Um dies herauszufinden, begannen die Forscher mit dem Vergleich der Knochendichte und Knochenbruchraten von Gemeinden mit unterschiedlichen Fluoridwerten im Wasser. Aus diesen Studien gingen zwei übereinstimmende Ergebnisse hervor: Fluoridwerte im Trinkwasser (4 mg/L), die immer noch als „Safe” von der EPA reduzieren die Dichte von kortikaler Knochen und die Knochenbruchrate in einer Bevölkerung erhöhen. Teilweise auf Grundlage dieser Forschung forderte der US National Research Council (NRC) die EPA auf, den zulässigen Fluoridgehalt im Wasser zu senken. Die EPA hat dies bisher nicht getan. 

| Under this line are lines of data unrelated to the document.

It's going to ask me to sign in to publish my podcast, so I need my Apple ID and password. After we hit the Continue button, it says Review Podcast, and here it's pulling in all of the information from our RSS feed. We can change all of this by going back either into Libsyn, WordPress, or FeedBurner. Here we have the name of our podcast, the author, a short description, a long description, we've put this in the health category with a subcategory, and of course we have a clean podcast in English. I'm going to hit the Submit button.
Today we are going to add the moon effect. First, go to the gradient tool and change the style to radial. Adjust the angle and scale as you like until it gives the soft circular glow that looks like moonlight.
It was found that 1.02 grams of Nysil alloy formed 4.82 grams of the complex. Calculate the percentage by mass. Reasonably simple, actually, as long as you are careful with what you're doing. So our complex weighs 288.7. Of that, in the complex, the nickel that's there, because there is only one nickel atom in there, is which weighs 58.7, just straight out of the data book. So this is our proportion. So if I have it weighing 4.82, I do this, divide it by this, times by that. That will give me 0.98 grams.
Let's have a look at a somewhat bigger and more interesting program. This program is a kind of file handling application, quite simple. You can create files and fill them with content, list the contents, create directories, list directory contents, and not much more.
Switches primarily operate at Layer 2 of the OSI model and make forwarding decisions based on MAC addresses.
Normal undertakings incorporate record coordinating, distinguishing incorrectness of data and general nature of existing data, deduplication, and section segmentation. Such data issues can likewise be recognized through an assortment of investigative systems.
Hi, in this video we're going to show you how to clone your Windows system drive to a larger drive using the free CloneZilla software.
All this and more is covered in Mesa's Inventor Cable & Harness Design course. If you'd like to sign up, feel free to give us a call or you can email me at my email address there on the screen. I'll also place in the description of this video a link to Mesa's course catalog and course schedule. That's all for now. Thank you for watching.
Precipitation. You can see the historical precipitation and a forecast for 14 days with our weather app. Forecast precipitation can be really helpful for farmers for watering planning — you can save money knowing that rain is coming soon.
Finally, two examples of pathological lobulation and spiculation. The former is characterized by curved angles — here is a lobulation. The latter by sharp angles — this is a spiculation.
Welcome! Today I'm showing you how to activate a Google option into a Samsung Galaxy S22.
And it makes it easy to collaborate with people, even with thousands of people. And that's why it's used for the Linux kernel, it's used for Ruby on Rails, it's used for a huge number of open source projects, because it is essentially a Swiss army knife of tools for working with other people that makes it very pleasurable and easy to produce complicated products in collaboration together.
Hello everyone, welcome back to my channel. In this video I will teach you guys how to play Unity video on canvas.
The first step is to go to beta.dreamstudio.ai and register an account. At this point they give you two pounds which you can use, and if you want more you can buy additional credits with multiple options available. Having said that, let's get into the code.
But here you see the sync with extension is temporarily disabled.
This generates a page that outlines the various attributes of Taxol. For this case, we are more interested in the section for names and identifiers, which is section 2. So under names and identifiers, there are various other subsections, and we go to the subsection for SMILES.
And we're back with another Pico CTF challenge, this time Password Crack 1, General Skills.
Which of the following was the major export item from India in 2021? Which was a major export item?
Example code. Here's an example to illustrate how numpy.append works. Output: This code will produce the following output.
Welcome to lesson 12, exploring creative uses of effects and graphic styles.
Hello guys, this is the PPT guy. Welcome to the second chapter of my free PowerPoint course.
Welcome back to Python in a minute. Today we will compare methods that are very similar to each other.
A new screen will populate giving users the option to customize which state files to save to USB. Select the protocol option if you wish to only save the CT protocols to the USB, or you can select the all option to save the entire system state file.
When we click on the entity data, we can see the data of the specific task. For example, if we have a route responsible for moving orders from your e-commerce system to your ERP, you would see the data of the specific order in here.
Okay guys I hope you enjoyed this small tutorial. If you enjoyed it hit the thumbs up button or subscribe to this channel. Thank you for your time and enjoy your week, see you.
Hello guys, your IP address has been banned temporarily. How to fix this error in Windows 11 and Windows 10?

Fluorid bei 1 mg/l: Gemischte Hinweise auf Frakturrisiko

In zahlreichen Studien wurde versucht festzustellen, ob fluoridiertes Trinkwasser (1 mg/l) auch das Knochenbruchrisiko erhöht. Die Ergebnisse dieser Studien waren uneinheitlich: Einige Studien stellten eine Zunahme von Knochenbrüchen fest, andere Studien konnten keinen Effekt feststellen und wieder andere eine Verringerung des Bruchrisikos. Wissenschaftler auf beiden Seiten der Fluoriddebatte weisen allerdings darauf hin, dass diese Studien nur begrenzt nützlich sind. Die meisten Studien untersuchten beispielsweise lediglich ältere Bevölkerungsgruppen, die während ihrer Kindheit (der Lebensphase mit der höchsten Fluoridansammlung in den Knochen) keinem fluoridierten Wasser ausgesetzt waren. Tatsächlich schlossen die meisten Studien erwachsene Bevölkerungsgruppen ein, die weniger als 20 Jahre lang fluoridiertem Wasser ausgesetzt waren. Die verfügbaren epidemiologischen Studien zu Fluoridierung und Knochenbrüchen liefern nur wenige definitive Antworten auf die Fragen der Auswirkungen einer lebenslangen Exposition gegenüber künstlich fluoridiertem Wasser.